Before Ledger store, Dynamo DB handled only “hot” payment data up to about 12 weeks old, while older data lived in an in-house blob service. Rising storage costs pushed Uber to reduce Dynamo DB usage, and the new architecture extends that cost-control strategy into a dedicated system designed for financial integrity. Ledger store is described as immutable storage that provides verifiable completeness and correctness guarantees—treating ledgers as the source of truth for financial events and data movement.

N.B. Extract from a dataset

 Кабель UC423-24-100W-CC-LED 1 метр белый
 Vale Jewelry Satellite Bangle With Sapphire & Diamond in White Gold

The core engineering challenge is indexing at massive scale. Uber needs to look up ledgers via many access patterns, which drives “trillions of indexes” over “hundreds of billions of ledgers.” Ledger store therefore relies on strongly consistent indexing, supported by a two-phase commit approach: it persists an intent in the index first, then writes the record, and finally asynchronously commits or rolls back depending on success. The transcript also emphasizes the operational reality of managing those indexes over time, including index life cycle management—automated reindexing when index definitions change. That process creates a new index, backfills data, validates, swaps to the new index, and deletes the old one.

Cost and performance improvements are paired with migration safety. Uber used “shadow validation” by double-writing payment data to both Dynamo DB and Ledger store, then comparing read results to confirm a near one-to-one surface before fully switching. For the migration itself, the team used shallow and offline validation, plus historical data validation and an incremental backfill job running in Apache Spark. The backfill load reportedly reached about 10x normal production load and took around three months.

To reduce risk during rollout, Uber took a conservative deployment strategy with a fallback path: if data wasn’t found in Ledger store, systems could fetch it from Dynamo DB. The migration reportedly completed without downtime or outages. Overall savings were estimated at more than $6 million per year, attributed to reduced reliance on Dynamo DB and blob storage and the simplified long-term storage architecture—enough, in the transcript’s framing, to fund roughly a handful of additional engineers.

The discussion around why build instead of buy centers on the mismatch between generic distributed databases and the specific requirements of immutable financial ledgers, verifiable integrity, and strongly consistent indexing at Uber’s scale. Even with skepticism about reinventing storage, the transcript repeatedly returns to the same point: when data volume, correctness requirements, and indexing demands reach extreme levels, bespoke engineering can become the only way to meet both integrity and cost targets.

Cornell Notes

Uber migrated payment transaction data from Dynamo DB and blob storage into a purpose-built immutable long-term store called Ledger store, targeting both cost reduction and stronger data integrity guarantees. Ledger store is designed so ledgers act as the source of truth for financial events, with verifiable completeness and correctness. The system must support many access patterns, which creates massive indexing needs—trillions of indexes—so it uses strongly consistent indexing with a two-phase commit style workflow (intent persisted first, then record write, then async commit/rollback). Uber reduced risk during migration by shadow-writing to both systems and comparing read results, then using validation plus a fallback to Dynamo DB. The result was an estimated yearly savings of over $6 million and a migration completed without downtime.

Why did Uber move payment storage away from Dynamo DB and blob storage?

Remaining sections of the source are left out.